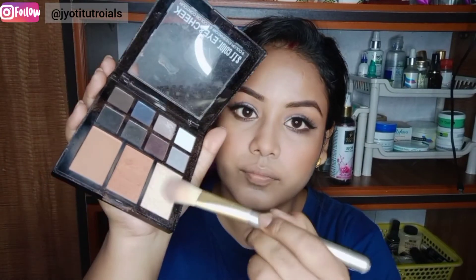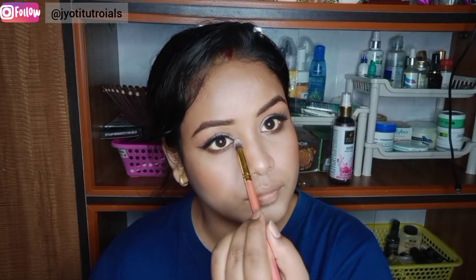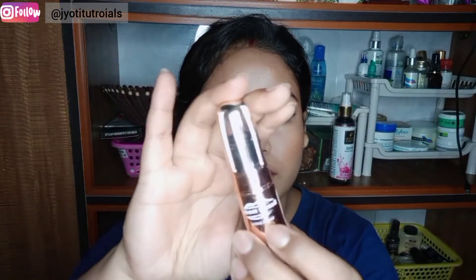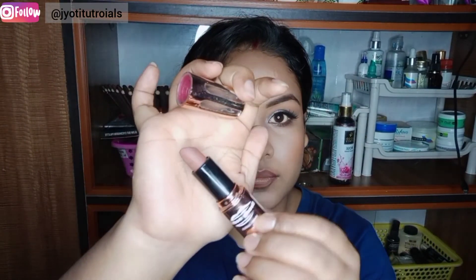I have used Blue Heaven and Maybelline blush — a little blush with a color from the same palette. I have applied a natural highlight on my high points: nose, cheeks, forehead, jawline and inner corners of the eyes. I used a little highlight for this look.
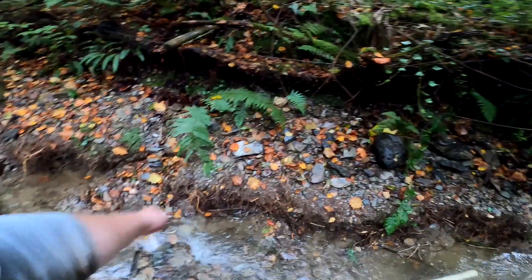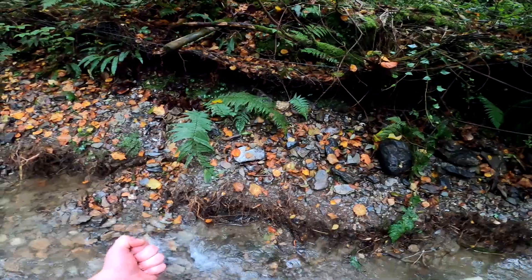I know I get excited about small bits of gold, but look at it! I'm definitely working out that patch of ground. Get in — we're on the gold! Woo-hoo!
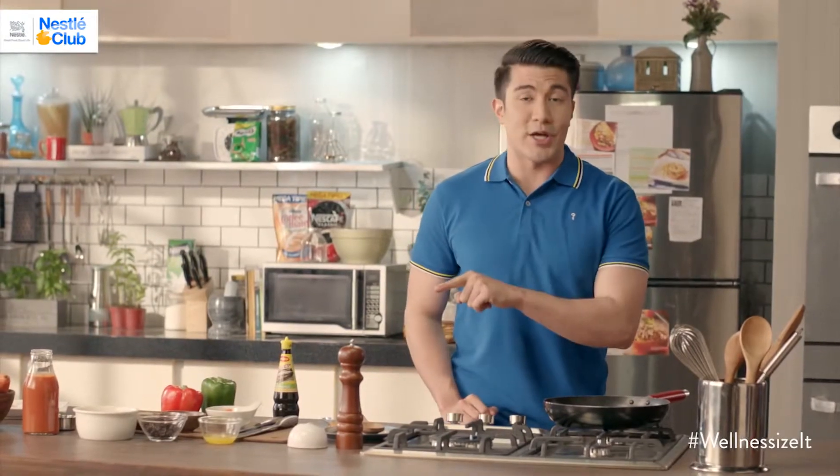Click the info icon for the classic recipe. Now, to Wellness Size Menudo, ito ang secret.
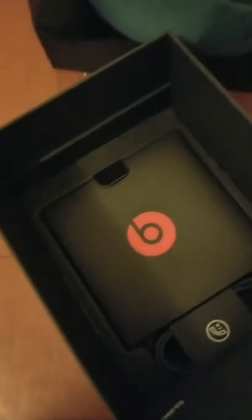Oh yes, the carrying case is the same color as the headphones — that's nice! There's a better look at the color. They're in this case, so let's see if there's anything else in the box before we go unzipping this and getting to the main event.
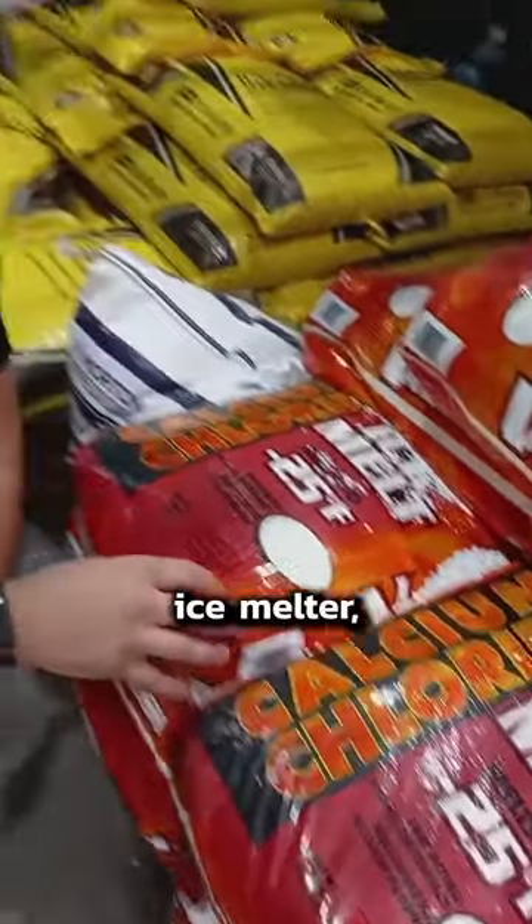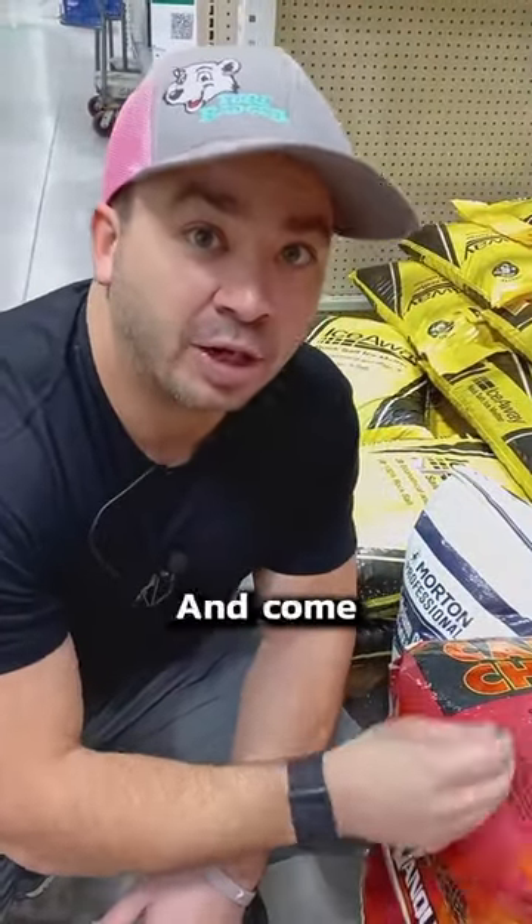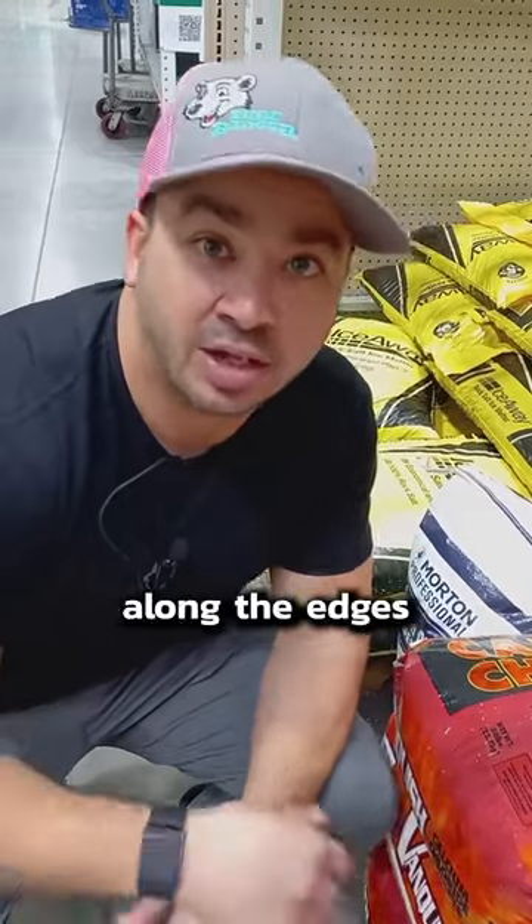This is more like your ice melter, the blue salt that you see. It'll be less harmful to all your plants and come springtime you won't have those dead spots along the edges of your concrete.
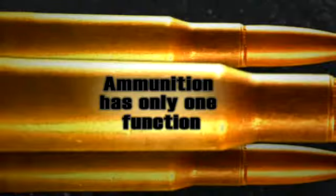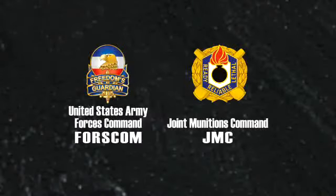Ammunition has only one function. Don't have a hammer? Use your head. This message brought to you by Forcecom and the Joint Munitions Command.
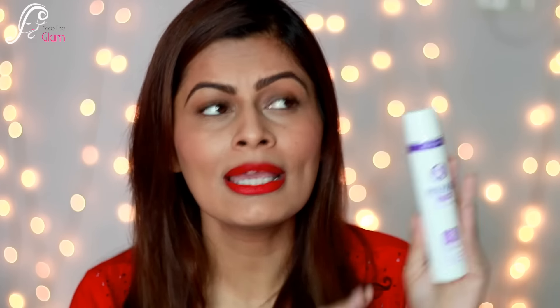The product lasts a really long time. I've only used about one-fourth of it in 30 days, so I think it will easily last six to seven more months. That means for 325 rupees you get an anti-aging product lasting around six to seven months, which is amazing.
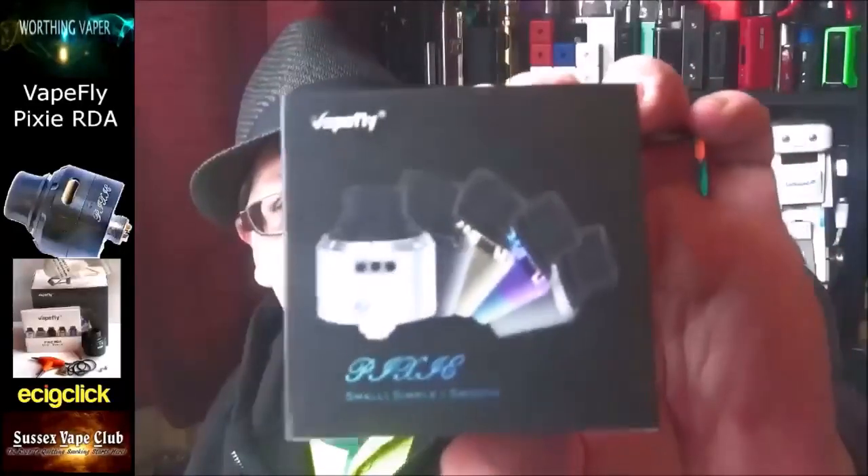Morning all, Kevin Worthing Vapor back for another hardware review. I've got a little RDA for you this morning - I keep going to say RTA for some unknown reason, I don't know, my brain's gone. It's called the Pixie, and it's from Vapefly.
###
- Task objective
Your answer should be the lines from the first record down to the line containing "This is more", restated exactly, with no pictures.

- Task solution
I have used Blue Heaven and Maybelline blush — a little blush with a color from the same palette. I have applied a natural highlight on my high points: nose, cheeks, forehead, jawline and inner corners of the eyes. I used a little highlight for this look.
I know I get excited about small bits of gold, but look at it! I'm definitely working out that patch of ground. Get in — we're on the gold! Woo-hoo!
Click the info icon for the classic recipe. Now, to Wellness Size Menudo, ito ang secret.
Oh yes, the carrying case is the same color as the headphones — that's nice! There's a better look at the color. They're in this case, so let's see if there's anything else in the box before we go unzipping this and getting to the main event.
This is more like your ice melter, the blue salt that you see. It'll be less harmful to all your plants and come springtime you won't have those dead spots along the edges of your concrete.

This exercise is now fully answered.